We know that the size of the pension was well publicised in the media before the RBS deal, we know that there were several options available, that the pension could have been halved, that the decision to let Fred have the lot was taken by one or two directors, not by the whole board.

But Myners said "not a single institutional shareholder had questioned" the decision. That rings true. Not a word against it from anyone. They're all in it together. They don't need to be dishonest. Remuneration directors remunerate. The wealthy are not whipped away from their moneypots.

Those who put their faith in regulation should see that our slippery, hand-washing regulators are useless disciplinarians. Light touch regulation works only when those who transgress are ruined. That's the deal. To let bankers run riot in good times and bail them out in bad is the worst of both worlds. But these people are of the same class. Politics, finance, administrative overlords, they are one great, self-sufficient enterprise, all equally "detached from reality" as Myners said of his banking counterparts.
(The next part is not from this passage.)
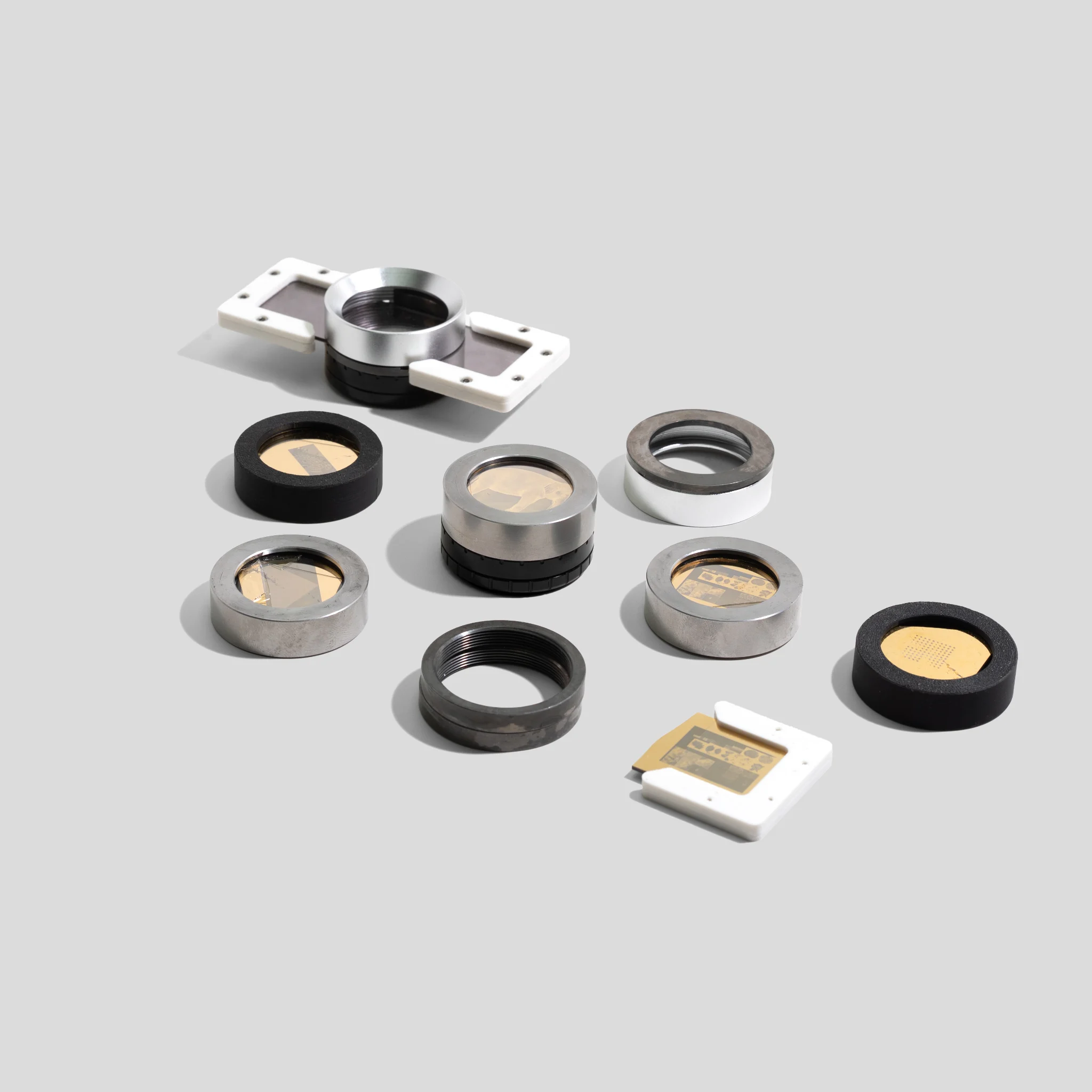 _DSC1591-Edit 1:1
In the Commons, Julian Lewis read out a story about himself from the country's "sleaziest tabloids". He was accused of something to do with his amendment, which suppresses MPs' addresses from the ballot paper. Dr Lewis was a little whiney, I fear. His amendment was nodded through without a vote. Now, thanks to Dr Lewis, MPs will be able to claim their London uncle's garage is their "main residence" and claim £22,000 a year without fear of discovery. If they are discovered they'll doubtless have their pensions doubled. Edward Leigh, his fellow Tory, spoke against it at Business Questions. But only in sorrow. Anger is pointless, for the time being.